» Problem statement
Once the line with "Schlafzimmer mit Doppelbett" is found in the material, write out that line and every later line exactly, through the end.
___ Information ___
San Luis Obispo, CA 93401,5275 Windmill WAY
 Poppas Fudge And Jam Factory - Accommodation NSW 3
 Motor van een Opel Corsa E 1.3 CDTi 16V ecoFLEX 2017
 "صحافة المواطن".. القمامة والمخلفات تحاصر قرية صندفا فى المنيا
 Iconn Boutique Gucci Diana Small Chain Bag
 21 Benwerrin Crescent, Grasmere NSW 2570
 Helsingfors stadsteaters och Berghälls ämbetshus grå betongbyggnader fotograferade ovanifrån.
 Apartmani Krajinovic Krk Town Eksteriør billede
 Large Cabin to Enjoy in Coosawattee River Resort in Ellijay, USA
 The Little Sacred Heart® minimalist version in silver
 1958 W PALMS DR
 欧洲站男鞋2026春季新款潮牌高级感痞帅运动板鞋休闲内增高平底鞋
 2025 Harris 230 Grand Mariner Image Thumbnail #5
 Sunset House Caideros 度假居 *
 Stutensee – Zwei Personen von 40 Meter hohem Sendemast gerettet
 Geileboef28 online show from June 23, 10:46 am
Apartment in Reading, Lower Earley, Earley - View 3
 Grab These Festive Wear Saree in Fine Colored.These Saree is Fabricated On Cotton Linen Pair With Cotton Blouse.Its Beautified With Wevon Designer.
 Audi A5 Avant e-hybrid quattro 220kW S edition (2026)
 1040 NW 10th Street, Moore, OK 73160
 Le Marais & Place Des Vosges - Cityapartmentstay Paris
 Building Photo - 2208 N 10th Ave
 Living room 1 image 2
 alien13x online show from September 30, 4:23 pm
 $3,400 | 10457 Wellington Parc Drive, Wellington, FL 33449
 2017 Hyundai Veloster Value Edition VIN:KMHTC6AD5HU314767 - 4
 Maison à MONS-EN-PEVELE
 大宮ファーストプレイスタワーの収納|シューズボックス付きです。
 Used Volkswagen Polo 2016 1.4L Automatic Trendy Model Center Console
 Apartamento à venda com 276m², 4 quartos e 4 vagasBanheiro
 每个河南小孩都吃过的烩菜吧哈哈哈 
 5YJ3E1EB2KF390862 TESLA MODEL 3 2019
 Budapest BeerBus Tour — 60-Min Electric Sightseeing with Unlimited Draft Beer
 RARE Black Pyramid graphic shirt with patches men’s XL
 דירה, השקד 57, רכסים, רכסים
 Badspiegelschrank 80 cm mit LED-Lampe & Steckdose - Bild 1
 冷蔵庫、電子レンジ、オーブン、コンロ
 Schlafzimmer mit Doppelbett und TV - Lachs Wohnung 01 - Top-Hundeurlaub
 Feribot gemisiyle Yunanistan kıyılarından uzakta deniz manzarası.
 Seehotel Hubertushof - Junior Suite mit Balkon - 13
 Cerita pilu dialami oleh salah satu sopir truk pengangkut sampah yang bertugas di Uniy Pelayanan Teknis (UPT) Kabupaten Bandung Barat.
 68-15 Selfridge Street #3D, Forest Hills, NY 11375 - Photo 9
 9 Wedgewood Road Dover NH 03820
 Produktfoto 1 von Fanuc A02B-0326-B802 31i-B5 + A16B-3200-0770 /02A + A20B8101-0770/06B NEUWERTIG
___
» Your response
 Schlafzimmer mit Doppelbett und TV - Lachs Wohnung 01 - Top-Hundeurlaub
 Feribot gemisiyle Yunanistan kıyılarından uzakta deniz manzarası.
 Seehotel Hubertushof - Junior Suite mit Balkon - 13
 Cerita pilu dialami oleh salah satu sopir truk pengangkut sampah yang bertugas di Uniy Pelayanan Teknis (UPT) Kabupaten Bandung Barat.
 68-15 Selfridge Street #3D, Forest Hills, NY 11375 - Photo 9
 9 Wedgewood Road Dover NH 03820
 Produktfoto 1 von Fanuc A02B-0326-B802 31i-B5 + A16B-3200-0770 /02A + A20B8101-0770/06B NEUWERTIG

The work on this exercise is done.